(DATA SHOWN)

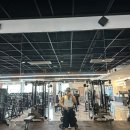 핏앤피트니스 혁신도시점 이미지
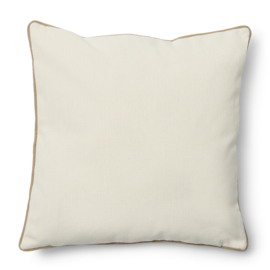 Rivièra Maison Shell Pillow Cover 50x50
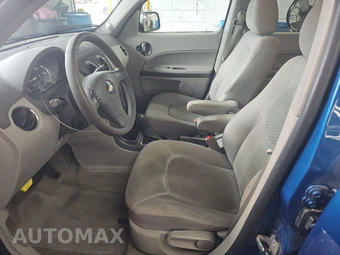 2009 Chevrolet HHR LS 1LS – miniatura 7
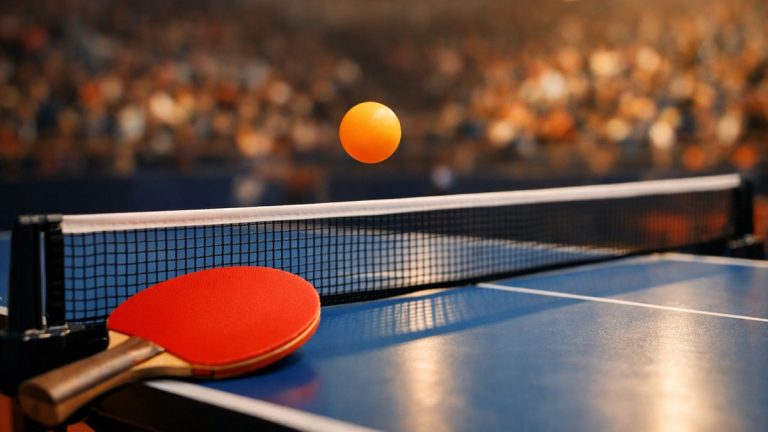 Un 11-0 au troisième set à Ljubljana : Alexis Lebrun signe trois victoires dans la même journée aux Championnats d'Europe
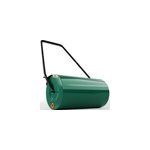 Rouleau de gazon vert 48l 60cm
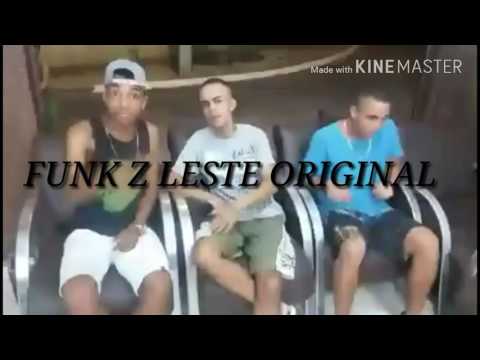 Mc Menor golpista, Mc Well sp, Mc joninhas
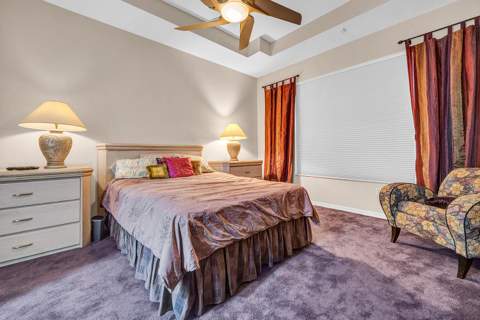 12636 Via Ravenna, Boynton Beach FL - photo 16 of 47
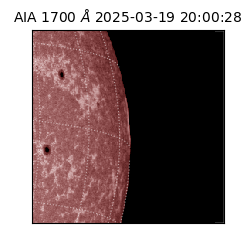 saia - 2025-03-19T20:00:28.717000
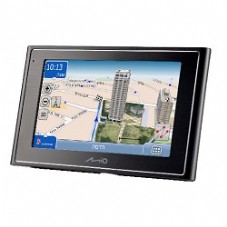 ����� ����� MOOV 300 Travel   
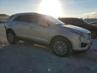 CADILLAC XT5 LUXURY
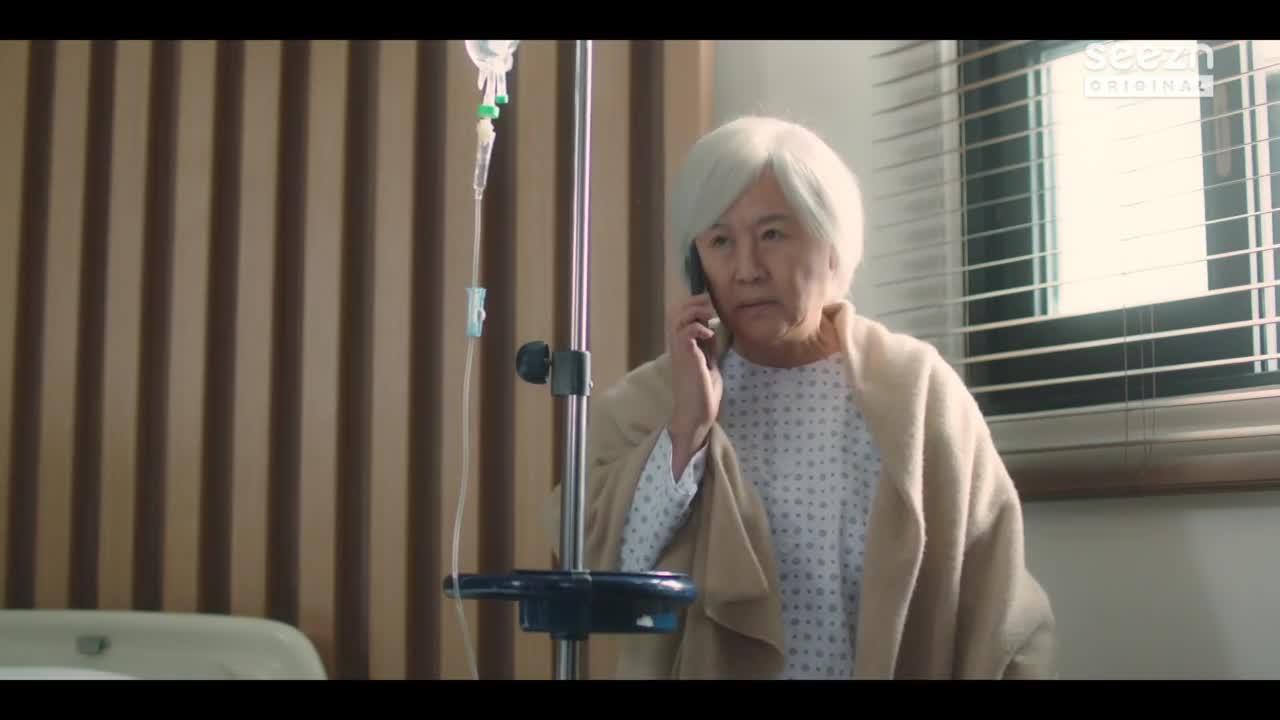 Кадр 9 серии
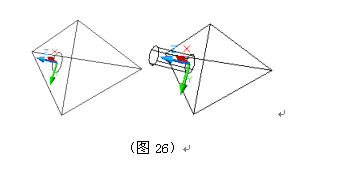 AutoCAD��ά��ģ����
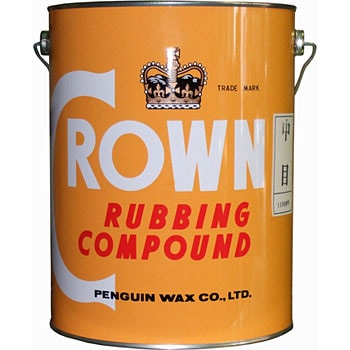  NE rORpEh yMbNX 38613452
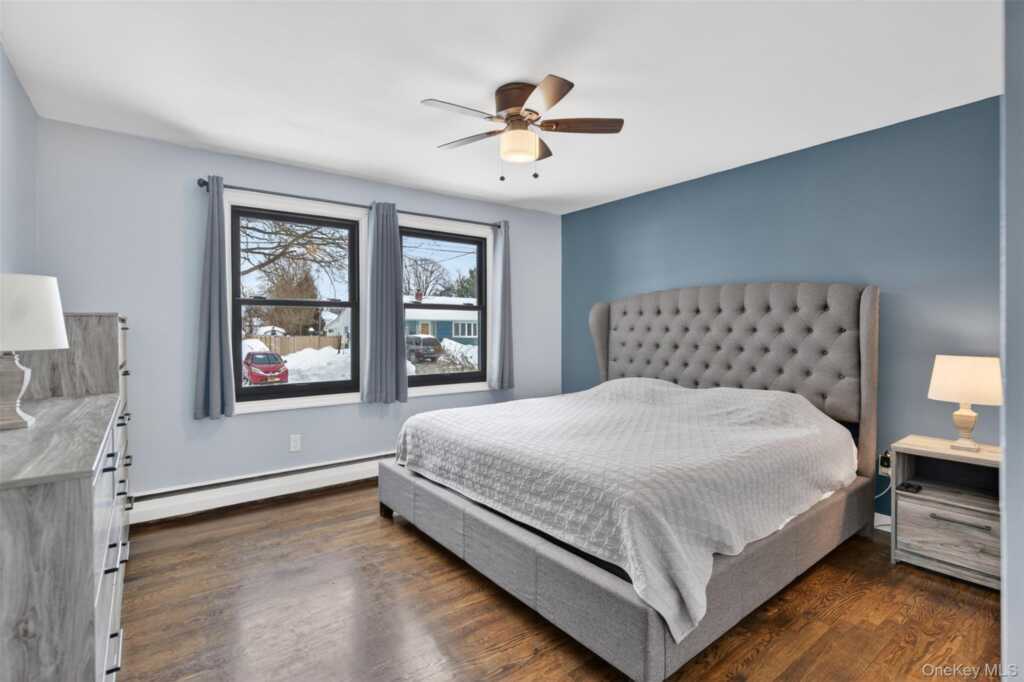 21 Edith Avenue, Saugerties, NY 12477 - Photo 12 of 26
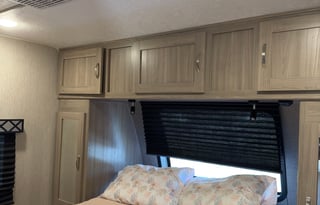 Family Bunkhouse Getaway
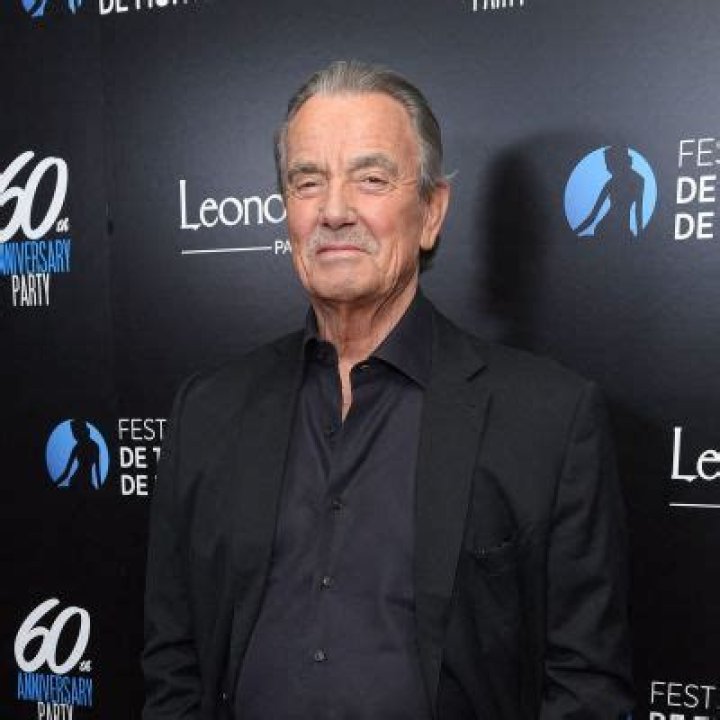 
Who Is Victor Newman Actor Eric Braeden? Age, Net Worth And Controversies 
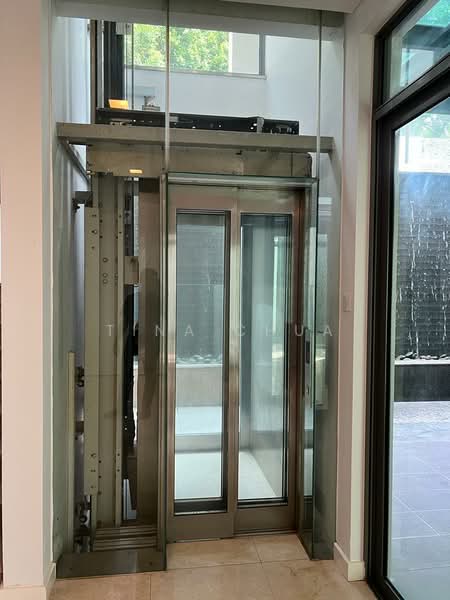 Bungalow for Sale in Bukit Bandaraya (Bangsar) - Tina Chua - Interior - PropertyGuru.com.my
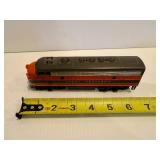 Bachmann Plus HO Scale Great Northern Diesel Locomotive Models 316A & 313B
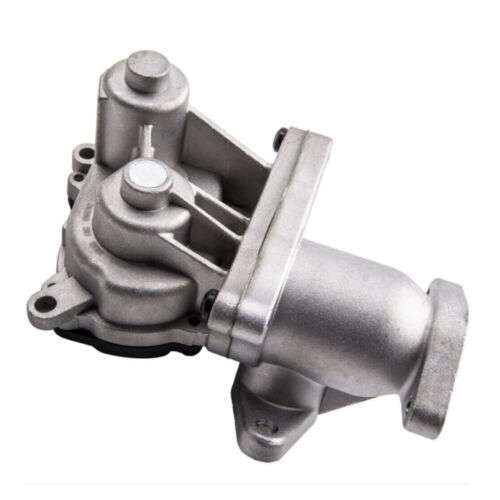 EGR Valve For Great Wal 2012 v200 2L GW-4D20 Engine HAVAL H5 4D20 1207100-ED01A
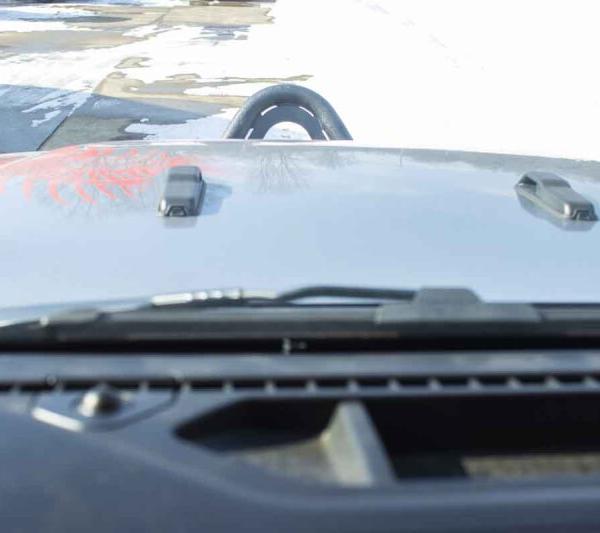 Fishbone Offroad FB22343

(End DATA SHOWN)

§ **WORK REQUIRED**:
All entries above, minus the pictures, should be repeated exactly.

§ **RESULT**:
 핏앤피트니스 혁신도시점 이미지
 Rivièra Maison Shell Pillow Cover 50x50
 2009 Chevrolet HHR LS 1LS – miniatura 7
 Un 11-0 au troisième set à Ljubljana : Alexis Lebrun signe trois victoires dans la même journée aux Championnats d'Europe
 Rouleau de gazon vert 48l 60cm
 Mc Menor golpista, Mc Well sp, Mc joninhas
 12636 Via Ravenna, Boynton Beach FL - photo 16 of 47
 saia - 2025-03-19T20:00:28.717000
 ����� ����� MOOV 300 Travel   
 CADILLAC XT5 LUXURY
 Кадр 9 серии
 AutoCAD��ά��ģ����
  NE rORpEh yMbNX 38613452
 21 Edith Avenue, Saugerties, NY 12477 - Photo 12 of 26
 Family Bunkhouse Getaway
Who Is Victor Newman Actor Eric Braeden? Age, Net Worth And Controversies 
 Bungalow for Sale in Bukit Bandaraya (Bangsar) - Tina Chua - Interior - PropertyGuru.com.my
 Bachmann Plus HO Scale Great Northern Diesel Locomotive Models 316A & 313B
 EGR Valve For Great Wal 2012 v200 2L GW-4D20 Engine HAVAL H5 4D20 1207100-ED01A
 Fishbone Offroad FB22343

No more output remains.